People v. Henwood

65 Colo. 566 | Colo. | 1918

Opinion by

Mr. Justice Teller.

This cause raised the question whether or not a person, charged with a criminal offense,' who has been set at liberty, under section 2926, R. S. 1908, because of delay in bringing him to trial, may be again indicted and tried for the same offense.

*567That portion of the statute which is material here reads as follows:

“If any person shall be committed for any criminal or supposed criminal matter, and not admitted to bail, and shall not be tried on or before the expiration of the second term of the court having jurisdiction of the offense, the prisoner shall be set at liberty by the court, unless the delay shall have been on the application of the prisoner.”

The question is what is meant by the words “set at liberty.”

This is a part of our habeas-corpus act, and some help in construing it may be found in the preceding section, a portion of which is:

“No person who has been discharged by order of a court or judge on a habeas corpus shall be again imprisoned, restrained or kept in custody for the same cause, unless he be afterwards indicted for the same offense, nor unless by the legal order or process of the court wherein he is bound by recognizance, to appear.”

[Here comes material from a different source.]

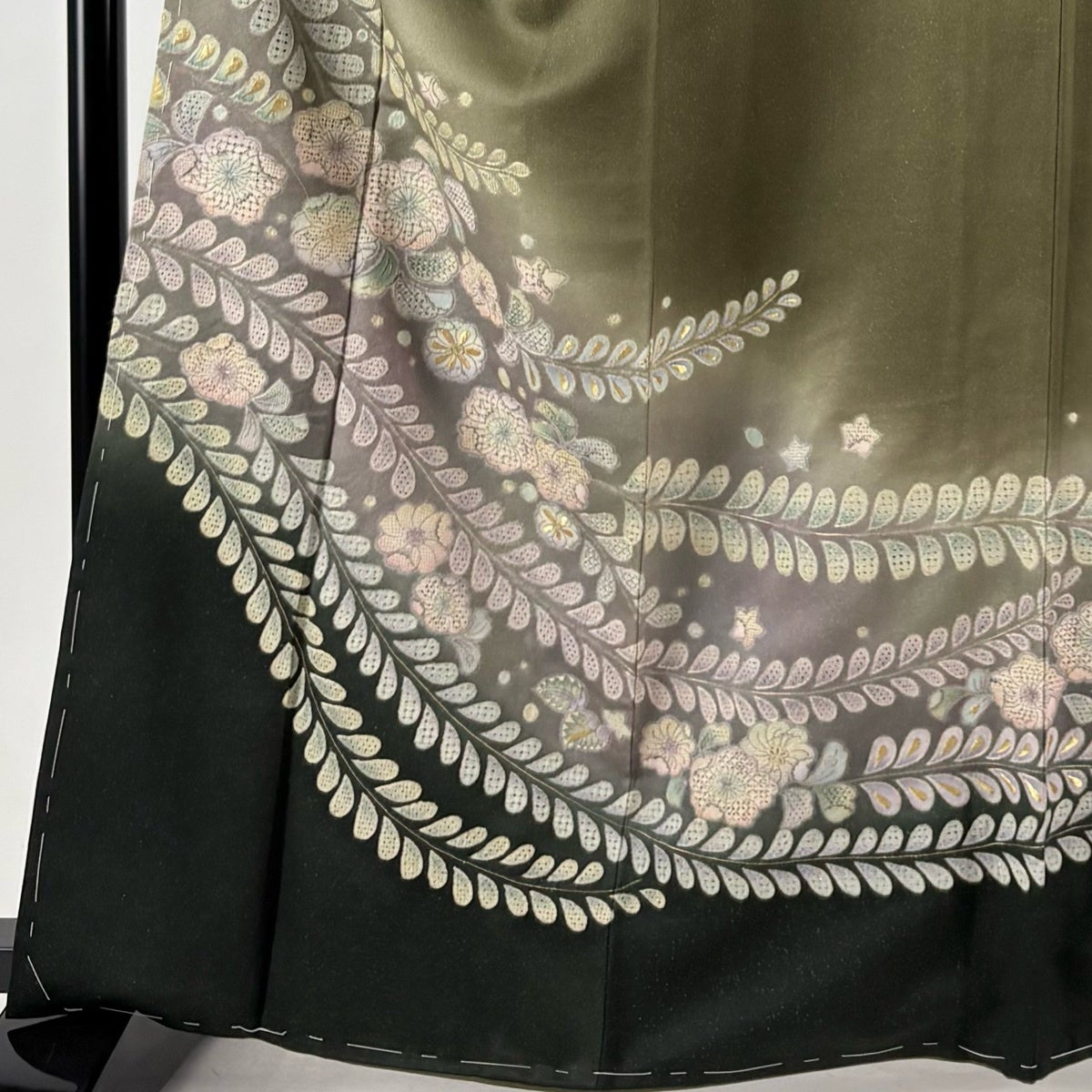 美品】 訪問着 身丈163cm 裄丈65cm M 袷 辻が花柄 刺繍 金通しし 茶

This clearly admits the possibility that a person who has been discharged from custody under a writ of habeas corpus may be again indicted for the same offense; and we see no reason why a discharge, under this provision of the section quoted, should have a greater effect than does a discharge on other grounds.

In some of the states where there are similar statutes, the term “discharge” is used instead of “set at liberty,” and that is supposed to be a word of broader meaning. Accordingly, it has been held that, after a discharge under the statute, no further charge for the same offense can be made.

The Illinois statute on this subject uses this phrase, “Set at liberty,” and it has been held to mean to free from the charge, so that a second indictment for the same offense does not lie. People v. Heider, 225 Ill. 347, 80 N. E. 291, 11 L. R. A. (N. S.) 257.

We are not impressed with the reasoning which leads to that conclusion.

*568On the other hand, in New Jersey; where the statute provides for a “discharge,” a broader term, it is held that th>s effect is only to set the accused free from the pending charge, and does not prevent a second indictment. State v. Garthwaite, 23 N. J. L. 143.

A like ruling is made in State v. Fley et al., 2 Brevard 338 (So. Car.), 4 Am. Dec. 583.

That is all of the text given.